When you go through a rough time, like a personal loss, or a personal or professional tsunami, you don't want people to add a single straw on your burden. In this case, I don't tell or ask people anything, I just let them know I still exist. I had once news from former colleagues, and we had this chit-chat-workplace-gossip when you share funny (or not...) memories, remind each other some weird situation, or just share another rant about X/Y/Z. Ya'know, the good ol'times...
At one time, one person mentioned something similar to what you tell us. We spent a few minutes about this topic and moved on to another one...
What I did, back home, was to send a mail to the person. I roughly told her what happened: the meeting, the good old times 1, the lunch/drink, the laughs 2. And I told her that it reminded me of the time we worked together, and 'this funny thing that made her smile' 3.
Then a few banalities, some unimportant news about me (like work, because we shared it too). And now, the important part, "hidden" at the end: "I'll be glad to hear from you if you [ feel like mailing back / have time to mail back ]. Or even a drink, if you drop by "place you both know and used to go to after work" one of these days". Not more. Knock on the door, and wait for an answer. In any case, don't mention the topic of what she's going through. Neutral and happy if possible.

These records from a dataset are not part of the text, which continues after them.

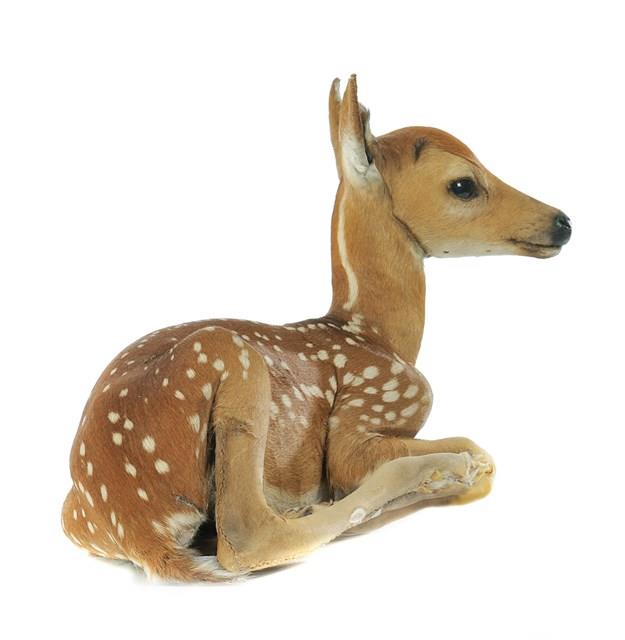 White-tailed Deer Collection Image, Figure 5, Total 5 Figures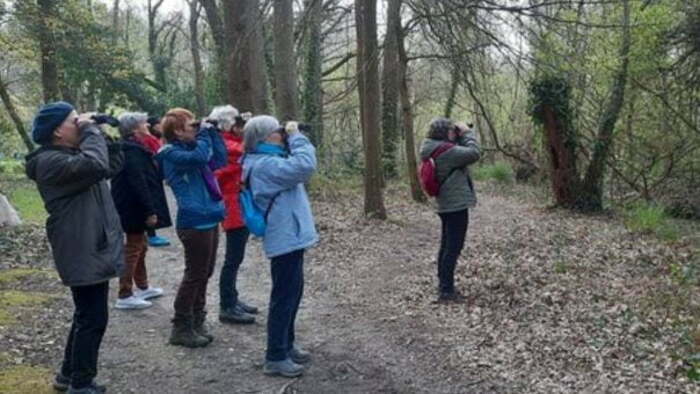 Sortie oiseaux crépusculaire au Lac de Beaulieu Lac de Beaulieu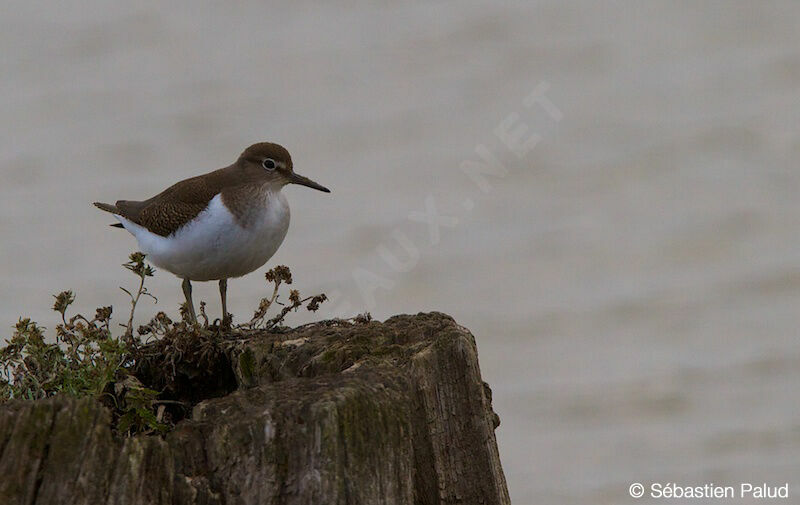 Common Sandpiper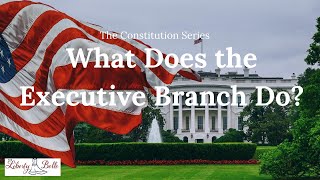 What Does The Executive Branch Do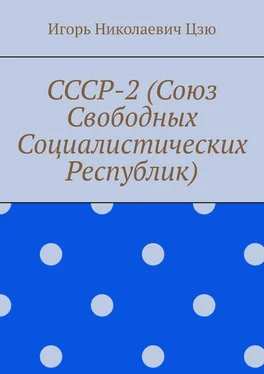 Игорь Цзю СССР-2 (Союз Свободных Социалистических Республик) обложка книги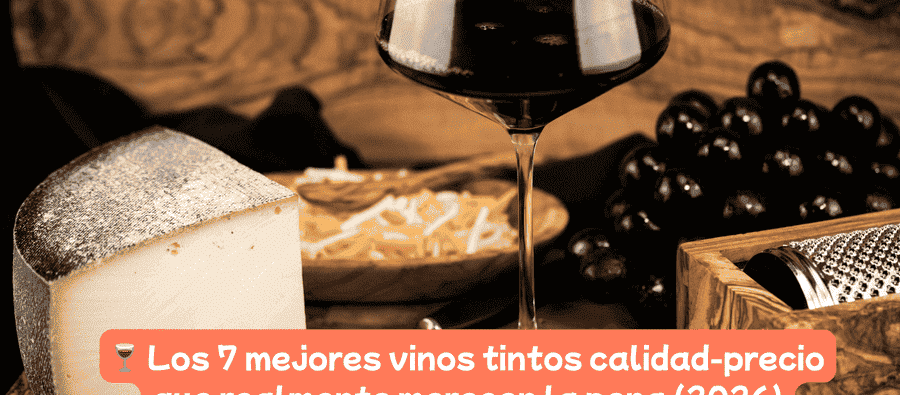 💸Vinos Calidad-Precio
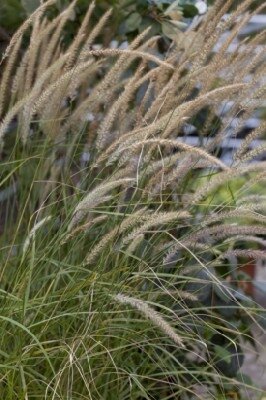 PENNISETUM 'Fairy Tails' - image 1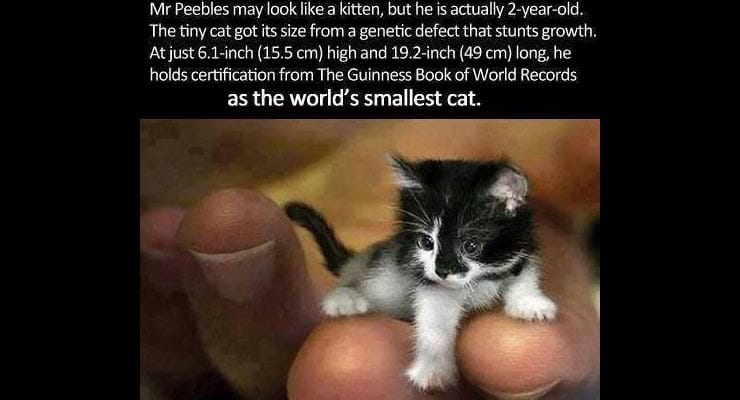 Image shows Mr. Peebles, world’s smallest cat? Fact Check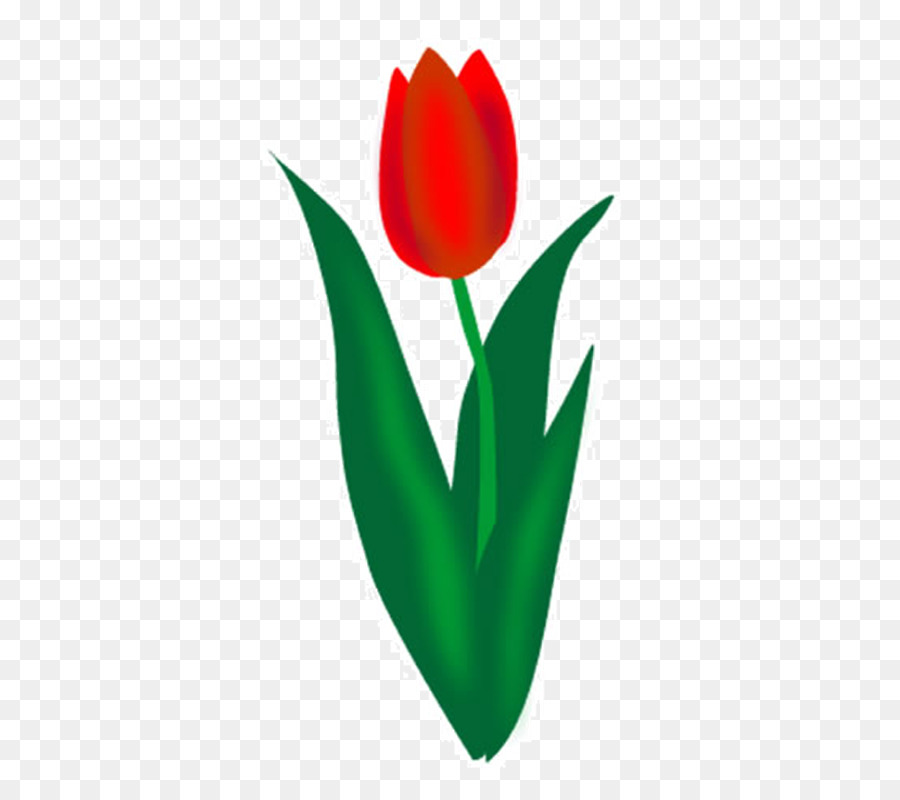 Tulip，Men Download PNG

You can offer support only if it's accepted and not forced, so, it has to come from the person. They may (or may not) want to talk about their emotional status, so they'll open up if they feel like it. To you or to someone else. Be there and just listen, you'll know more than by talking and asking.
Doing this, you let the person know you're "still alive", and realize they're not alone, that some people still like them, or care for them. Sometimes, just talking a little is enough and warms you up. In my case, we didn't have a chance to meet, but it was her choice. But she answered, and we talked by mail, telling stories, recalling the workplace, and talking about the present, and she even called me once. Small chit-chat, but I could hear a normal tone, not depressed.
Then back to routine. But I could feel that she had enjoyed our small talks (one or two emails a week for a few weeks). When emails stopped, I didn't bother her. We had moved on.
It's up to the person you'll talk to, and the relationship you had, so the result will or can probably differ. My advice is to keep in mind that it has to be her choice to answer or not. And that you should only be positive about the past, maybe ask about the present (pleasantries, not more), but be very lighthearted. Bring back smiles, not sadness or painfull memories.
1 & 2 & 3 - note: positive things only.